La yaya sigue igual. Yo la miro y “veo” cosas. Cada vez está más delgada, le cuesta más comer, respira un poco peor y tiene un ruido raro cuando tose. Sé que se está consumiendo. Y creo que de algún modo extraño ella también lo sabe aunque no lo sepa. Pero está “bien”. Sigue con sus planes, su rutina y sus cosas. Escribe y lee todas las tardes, cose y me llama por teléfono. Salen por las mañanas a dar su paseo, a comprar, a por el periódico. Yo voy todas las semanas a verla y charlamos mucho, nos reímos y cuando salgo del portal me dicen adiós desde el balcón. Luego me monto en el coche y me harto a llorar hasta casa. Pero bueno, sigue ahí, con el yayo y con su vida. Aún la tengo y cada día doy gracias por haberla disfrutado un poco más sin que ella aún tenga dolores ni esté sufriendo. Así que ni tan mal.

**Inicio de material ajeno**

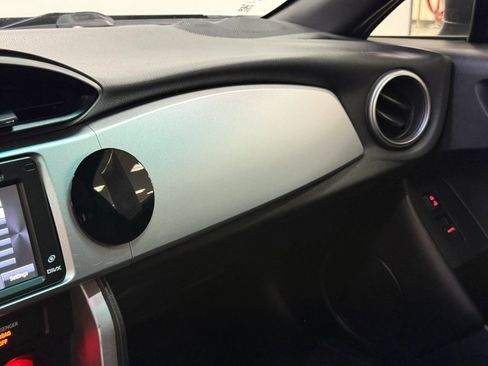 Used 2014 Subaru BRZ Limited w/ Popular Package #1B RWD image 26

El trabajo es una pesadilla en verano. No es que mi trabajo sea el colmo de la diversión, pero en verano con las vacaciones, los cuadrantes y las cosas aún pendientes del cambio de empresa hay días que me tiraría por la ventana. Pero me han hecho indefinida por primera vez en mi vida, trabajo desde casa la mayor parte de los días y no tengo jefe ni nadie que se pase la vida controlando lo que hago. Así que ni tan mal.

Y así estamos. No puedo decir que bien del todo, pero no me puedo o no me quiero quejar. Porque dentro de mi caos habitual todo está en un equilibrio relativamente inestable que de momento se mantiene. Y ni tal mal, oye, ni tan mal.